If I can give you one piece of advice, it’s to read as many books as you possibly can in your lifetime. Not only does reading improve your focus, thinking, and intelligence, it also helps you bring knowledge to the marketplace. With every book you pick up, you empower your mind to absorb new ideas and expand into new territories. When you arrive at any business meeting, real estate deal or networking event with a multitude of knowledge up your sleeve, you increase your value. I have read thousands upon thousands of books throughout the course of my life and have received hundreds of book recommendations that have helped me get where I am today. The countless books I have read have all had a profound impact on my life and have influenced the way I understand wealth-building. That’s why in today’s blog, I’m going to share with you my top five favorite finance books!

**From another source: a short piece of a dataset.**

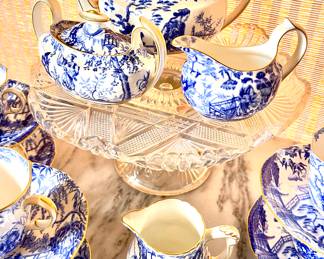 Royal Crown Derby 
Pattern: Mikado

Billy’s Five Must-Read Financial Books
The Art of the Start 2.0: The Time-Tested, Battle-Hardened Guide for Anyone Starting Anything by Guy Kawasaki
If you’re looking for a time-tested business book that will motivate you to get off the couch and get in the game, Guy Kawasaki’s, The Art of the Start 2.0, will give you the step by step guide to creating your own start-up. The reason I love this book is because Kawasaki doesn’t hesitate to deliver his decades worth of real-life experiences in the business world. The Art of the Start 2.0 serves as a practical advice handbook with a multitude of information pertaining to topics such as crowdfunding, social media, building a team, and more. Kawasaki makes it clear that entrepreneurship is about doing, meaning that you have to get your hands dirty in order to get your business idea off the ground. The strategic tools outlined in this book will help you master the fundamentals of building a start-up business. This book holds beneficial lessons for every entrepreneur out there, whether you’re just getting started or are a seasoned business-expert!
Getting Everything You Can Out of All You’ve Got: 21 Ways You Can Out-Think, Out-Perform, and Out-Earn the Competition by Jay Abraham
In the seasons of my life where I felt the most stuck, Jay Abraham’s, Getting Everything You Can Out of All You’ve Got, has served as a refreshing reminder that unforeseen opportunities and God opportune moments sometimes hide in plain sight. Jay Abraham is an American business executive and is recognized as one of today’s leading marketing experts. Abraham’s hand-crafted program teaches readers how to work with the assets they already have and how to find the hidden wealth-building opportunities in every business, project, and venture. He establishes three primary ways to increase business and teaches on the unique tools needed to maximize income, influence, and success. Abraham knows that many times, opportunities are disguised as obstacles and increased profitability requires a bit of risk-taking. This book really changed the way I think about marketing and forced me to get creative and think outside of the box!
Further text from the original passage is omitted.